Can't help on the ideas but the pictures look great

Sent from my iPhone using Tapatalk


----------



## dpn

I've made a lot of progress taking shots with soft / even / slightly-boring light, but I'm still working on getting my photos to a more dramatic level.

































I'd still appreciate any advice the real gurus might be willing to share. I've gotten much better results with the two off-camera flashes -- I can't believe how good the $60 Godox TT600s are -- and I'm seriously considering investing in some real studio strobes.


----------



## dpn

*Can anyone recommend a good product photography or jewelry photography lighting book or video series? I've ordered this book from Amazon, but I suspect it's focused more on big product photography than small stuff.*

Couple more of my shots. Here's what I've learned:















1) Zero noticeable benefit switching away from my ancient Minolta 100mm f/4 Macro Lens (~$100) to either of the current Fuji X-series lenses. I tested both the XF 60mm f/2.4 R Macro and XF 80mm f/2.8 R LM OIS WR Macro. In theory the modern Fuji options are better because my X-T2 and On1 Capture software know how to correct them ... but my old Minolta lens (and I suspect most other quality 100mm macro lenses) are already very well corrected. I do need to use an extension tube if I'm shooting 1:1, but I rarely do so. I am considering getting a macro rail so that I can focus-stack.

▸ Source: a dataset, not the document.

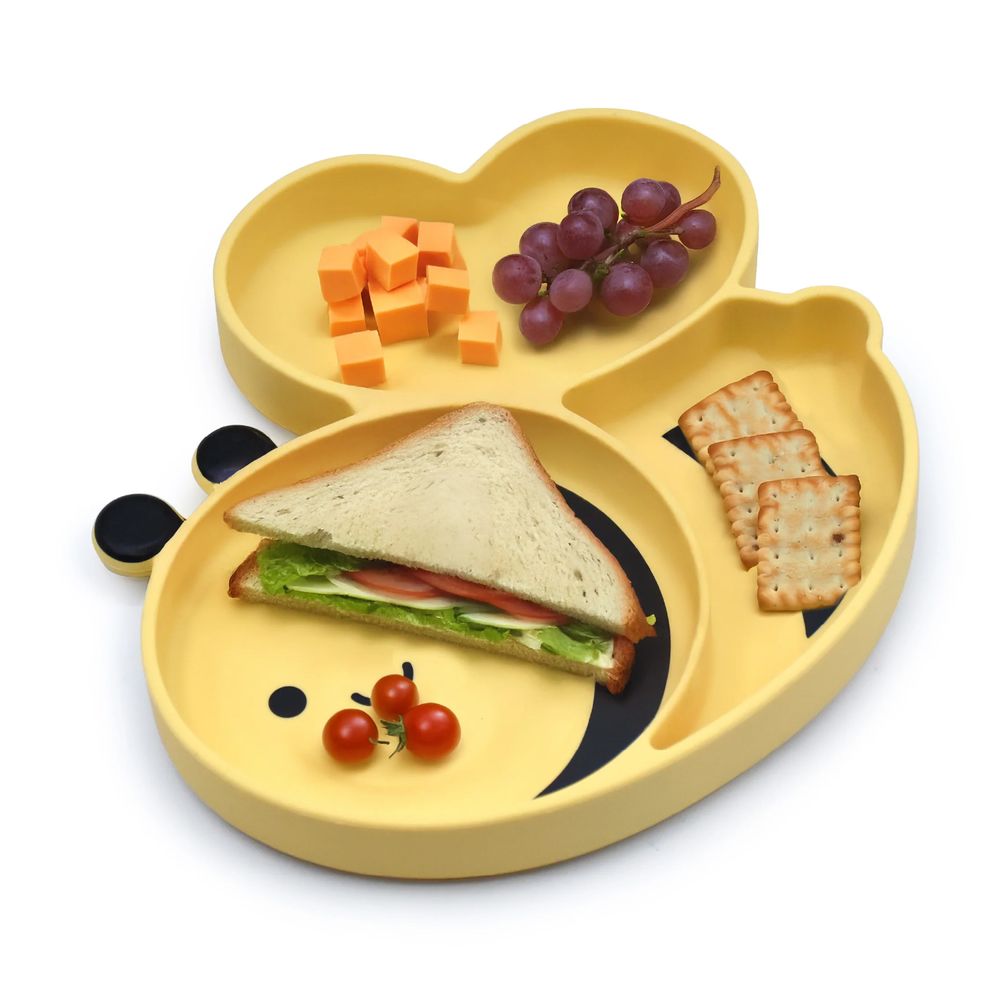 Melii - Silicone Suction Plate - Bee - Yellow/Black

2) I bought and have been using a $49 product shooting table. I wish I had saved my money. I've switched back to just using a desk.

3) I bought and returned a $200 Minolta MD -> Fuji XF tilt/shift adapter. It didn't allow me to stop down by ancient MD lenses, which sucked. Maybe that's the difference between the $200 adapter I tried and the $500 adapters I passed on. Maybe this adapter works well with other lens mounts. If I try to get tilt/shift again, I'll likely buy the Nikon F -> Fuji XF version and also use a Minolta MD -> Nikon F adapter.

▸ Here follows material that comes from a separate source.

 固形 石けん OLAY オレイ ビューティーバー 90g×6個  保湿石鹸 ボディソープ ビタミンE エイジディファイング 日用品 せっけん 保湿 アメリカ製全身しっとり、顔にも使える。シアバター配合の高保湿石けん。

4) Switching from just shooting in-camera RAW to shooting tethered to my laptop and using On1 Capture software has been revelatory. I wish I had tried this earlier!

5) I tried shooting with a pair of $60 LED light panels. They were well reviewed enough, and probably work great for video. They didn't put out enough light for macro still photography though.

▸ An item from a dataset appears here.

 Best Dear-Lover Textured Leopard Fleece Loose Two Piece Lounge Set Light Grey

6) For backdrops, I've been using fordite slabs (which I make custom watch dials out of) and swatches of fabric. I just bought quite a few types of slate and neutral tiles from Lowe's. They're heavy, but they seem great especially for the price!


----------



## Sassi

For indoor shooting I have used NanLite Halo 14 ring light for some time now. Outdoors I try to get sunlight filtered through a tree etc. also use some mirrors sometimes. Here are a few examples. In the first picture you can see the light I am talking about. I also like to add some background lights to get some bokeh balls sometimes. I usually use Canon EF 70-200mm F/4L IS USM lens to get nice DOF.


----------



## dpn

You're the man @Sassi -- Thanks a ton for sharing those (fantastic) images and insights. I'm realizing that my current lighting efforts are basically trying to replicate a ring light, so I'm going to snag a Halo ring light.

I really love how you set up the white Alpinist and DressKX shots. Any advice on propping / elevating / holding watches in place? I can probably make something work with Lego / Rodico / Tacky Wax ...

Thanks again for putting the effort into this shots and sharing them here. Your stuff is really inspiring!


----------



## mbarmbar

Zhanming057 said:


> My recommendation is to skip the softbox since you'll inevitably make photos that end up looking like they came out of a product catalog. There's two ways you could meaningfully improve your shooting quality if you don't want to go all the way on strobes.
> 
> 1. You can get an LED panel or 2 and diffuse them. This is more controllable than flash work and you can hold the panels by hand for quicker work. There might not be enough light for watches with major amounts of dial movements, though (freezing a balance wheel is out of the question for the most part). The benefit is being able to pre visualize your shot and add relatively controlled amounts of light.
> 
> 2. Just light the scene with your phone/tablet and exposure stack. The main downside to this is that it's incredibly hard to simultaneously exposure stack and focus stack, and focus stacking is kind of the bread and butter of macro photography. The upside is you have perfect control over light and you can fix just about anything in post as needed. Also this won't work on watches that do not hack. It can be done (see picture 2 for an example of a focus+exposure stack, although I could have stacked a lot more shots if I didn't need to control light) but getting quick at it takes practice and a good bit of experience with Photoshop.
> 
> The first shot is with a single light source (my computer monitor) and two reflectors at 1/8s, and already the second subdial is getting a little blurry. Anything faster and I would have to pull out strobes. Extra nominations are a tripod head with precise angle adjustments, and a camera that tethers so you can view the results on a high resolution display while shooting.


Excellent advice!


----------



## dpn

@Zhanming057 Hey, thanks for posting a really great watch photography write up on Reddit too -- you've got an incredible collection of Ressence watches, and your photography is fantastic as well. In his Reddit post, he refers folks to this dated-but-still-great How To article from Fratello.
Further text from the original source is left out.